TASK DESCRIPTION: Would you transcribe the entries below, beginning at the line with "Catalog Kaufland - 21.09.2022" and ending after the line with "LAMPA WISZĄCA MERCURIO", exactly, with no picture and nothing more?

AVAILABLE DATA:
+===+

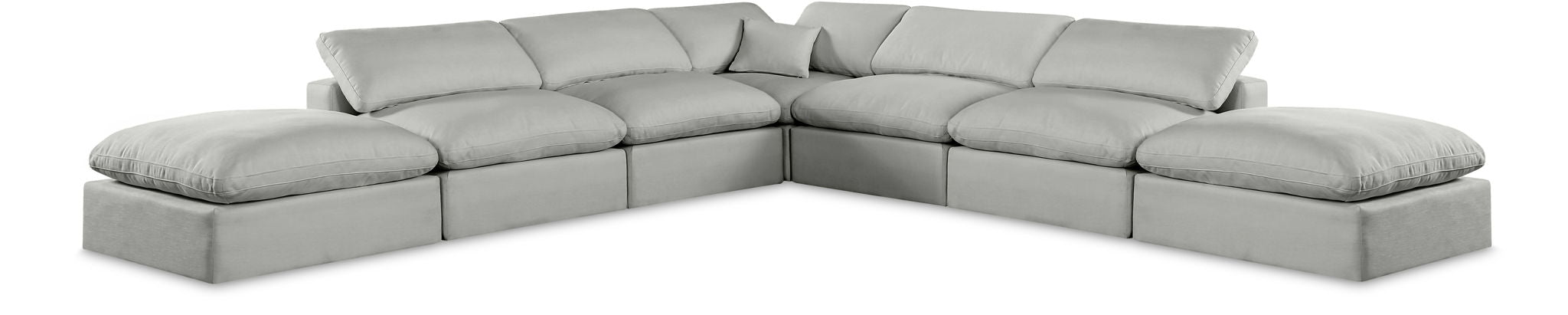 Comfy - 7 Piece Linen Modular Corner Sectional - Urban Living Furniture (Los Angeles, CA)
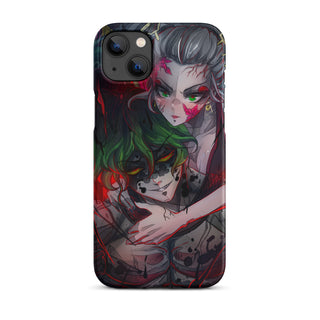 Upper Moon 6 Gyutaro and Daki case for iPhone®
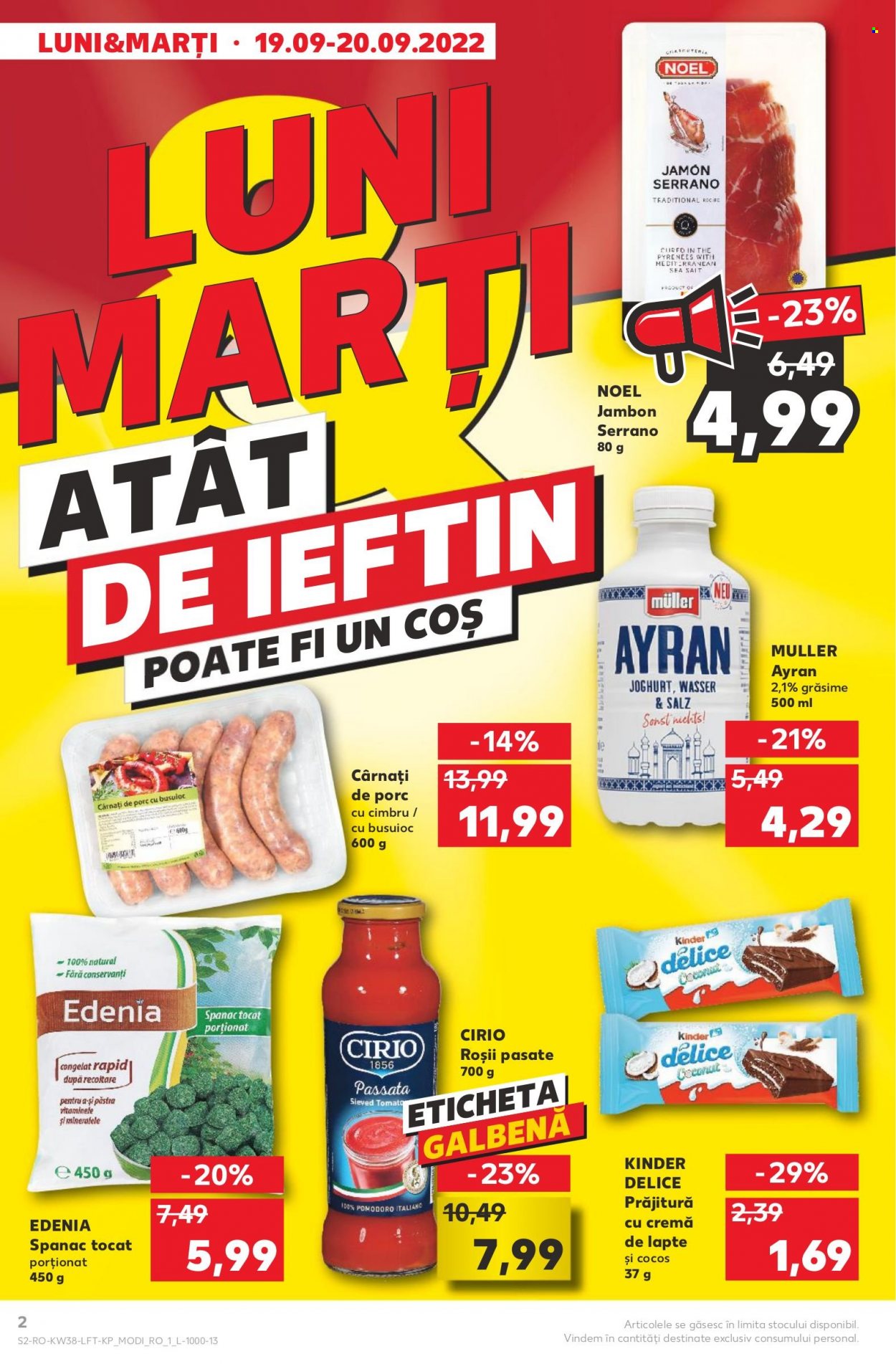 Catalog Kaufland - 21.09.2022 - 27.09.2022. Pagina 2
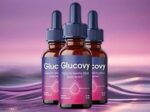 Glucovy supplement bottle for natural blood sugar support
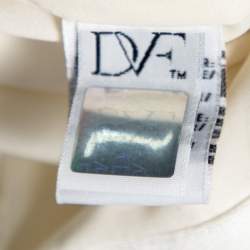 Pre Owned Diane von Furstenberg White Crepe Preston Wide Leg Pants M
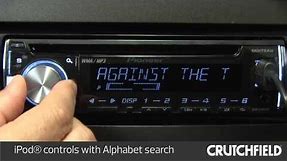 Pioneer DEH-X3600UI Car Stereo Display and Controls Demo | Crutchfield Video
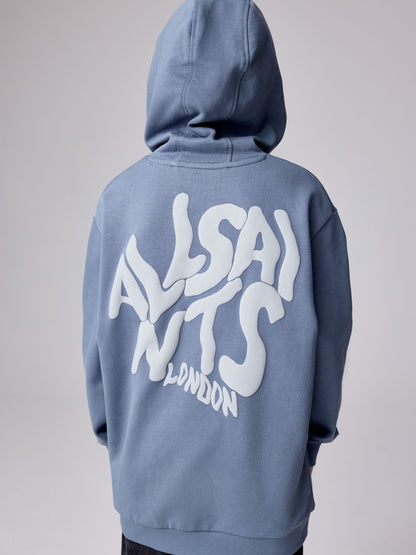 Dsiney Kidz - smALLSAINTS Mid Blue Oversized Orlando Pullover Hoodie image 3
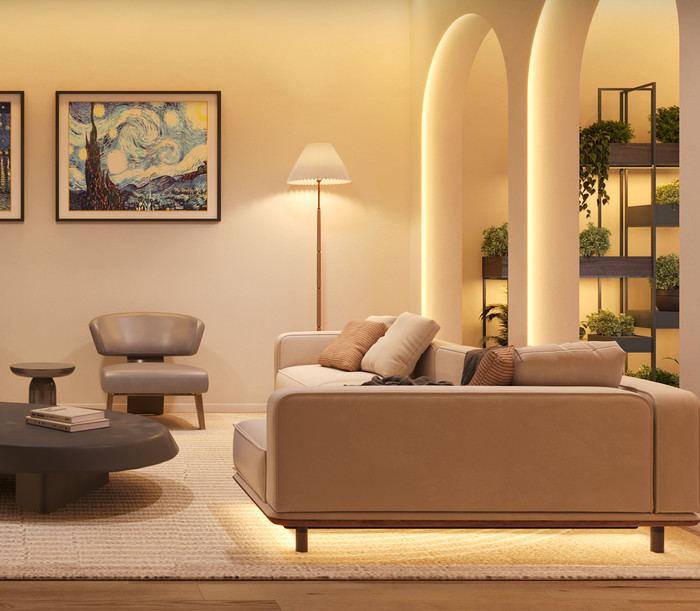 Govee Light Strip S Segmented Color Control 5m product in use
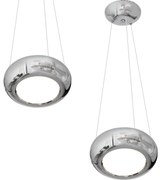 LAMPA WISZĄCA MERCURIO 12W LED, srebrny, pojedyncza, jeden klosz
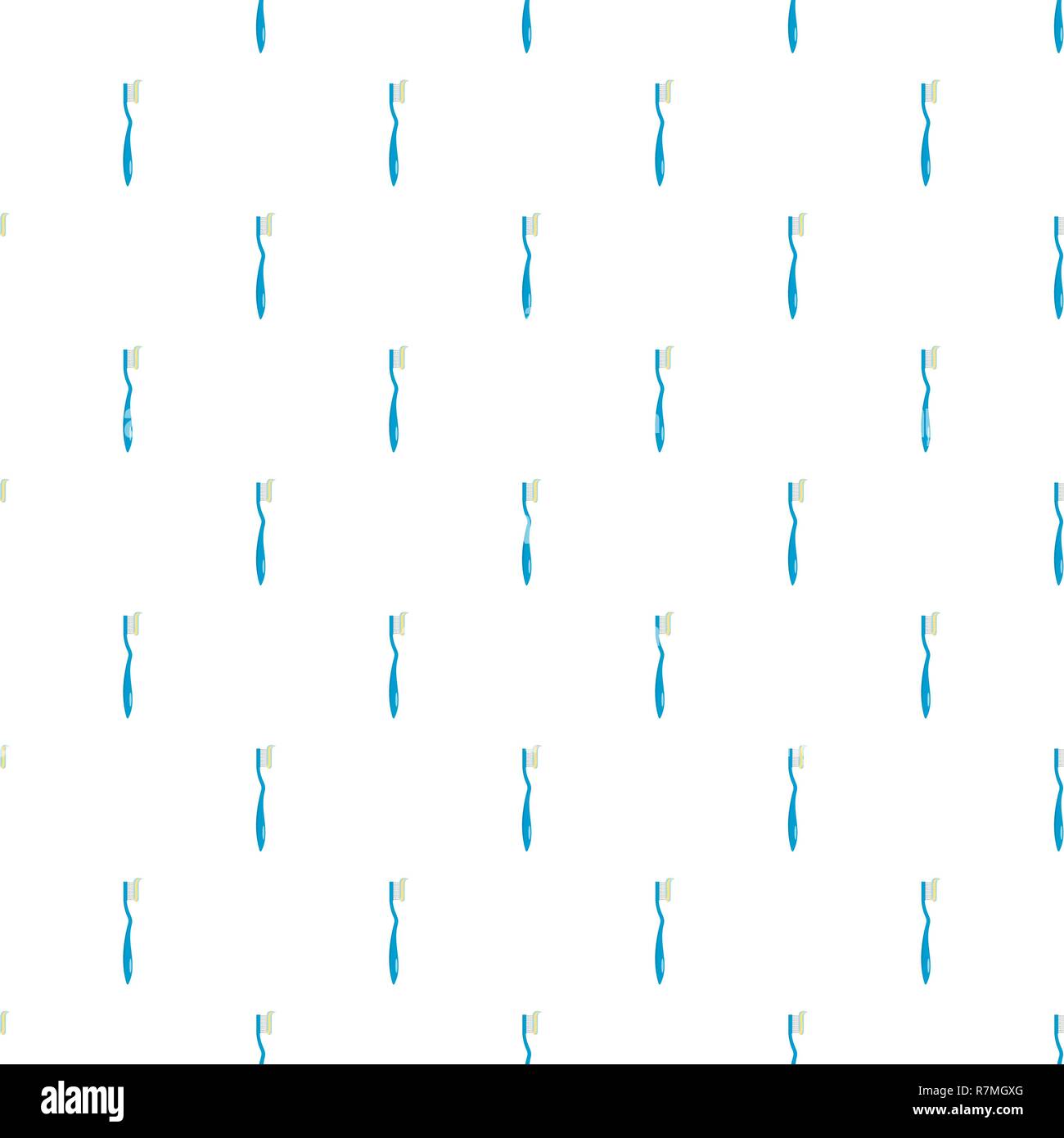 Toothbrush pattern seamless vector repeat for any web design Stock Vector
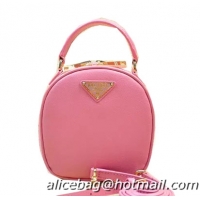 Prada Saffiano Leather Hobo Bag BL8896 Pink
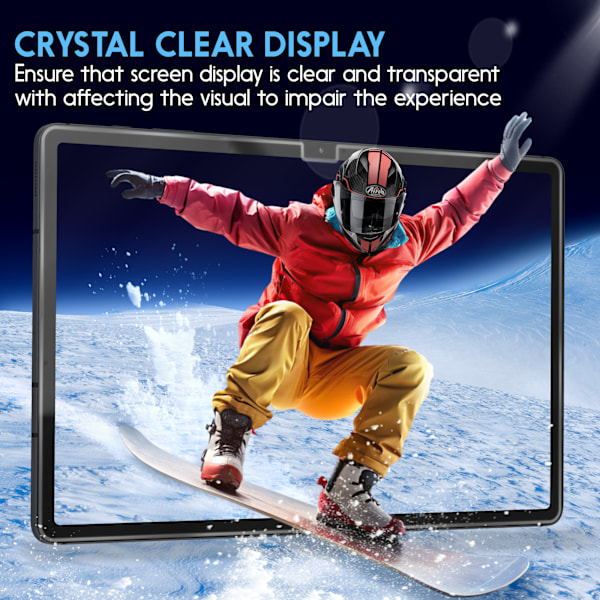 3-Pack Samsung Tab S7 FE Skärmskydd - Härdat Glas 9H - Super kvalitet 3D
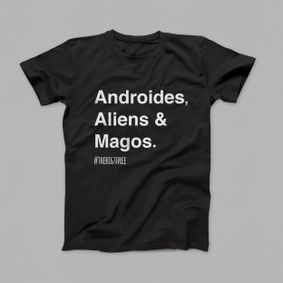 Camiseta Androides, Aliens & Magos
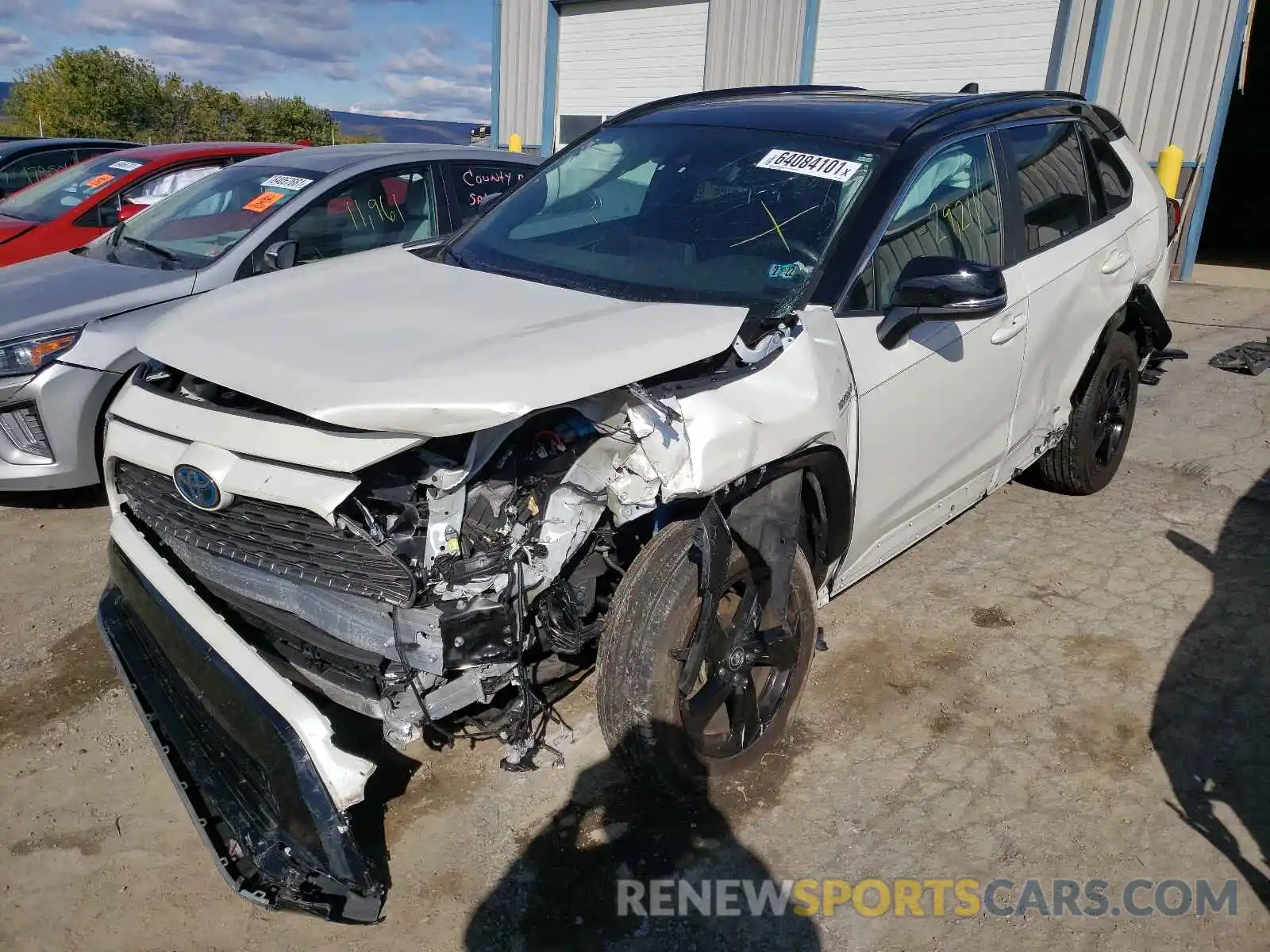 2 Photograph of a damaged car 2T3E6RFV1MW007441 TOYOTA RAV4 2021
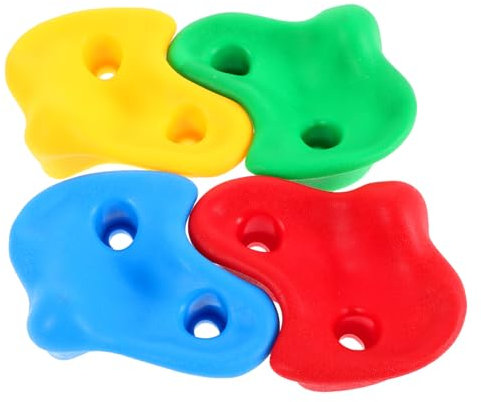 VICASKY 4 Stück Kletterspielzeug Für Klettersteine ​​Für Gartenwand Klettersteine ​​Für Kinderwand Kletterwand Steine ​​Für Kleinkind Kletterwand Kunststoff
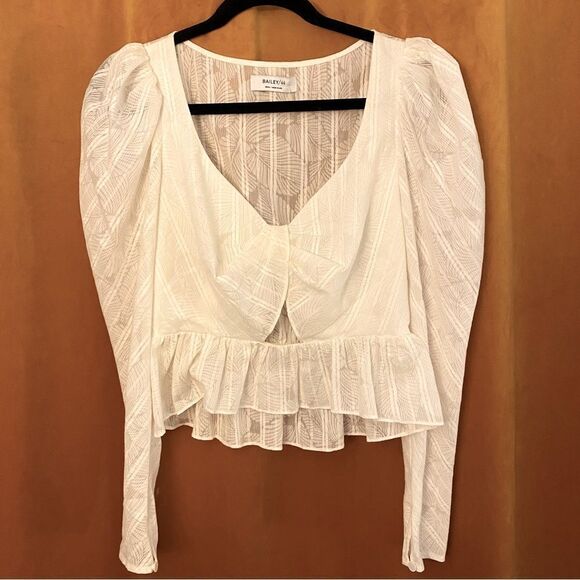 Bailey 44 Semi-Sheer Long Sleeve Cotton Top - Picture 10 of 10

+===+

REPLY:
 Catalog Kaufland - 21.09.2022 - 27.09.2022. Pagina 2
 Glucovy supplement bottle for natural blood sugar support
 Pre Owned Diane von Furstenberg White Crepe Preston Wide Leg Pants M
 Pioneer DEH-X3600UI Car Stereo Display and Controls Demo | Crutchfield Video
 Dsiney Kidz - smALLSAINTS Mid Blue Oversized Orlando Pullover Hoodie image 3
 Govee Light Strip S Segmented Color Control 5m product in use
 LAMPA WISZĄCA MERCURIO 12W LED, srebrny, pojedyncza, jeden klosz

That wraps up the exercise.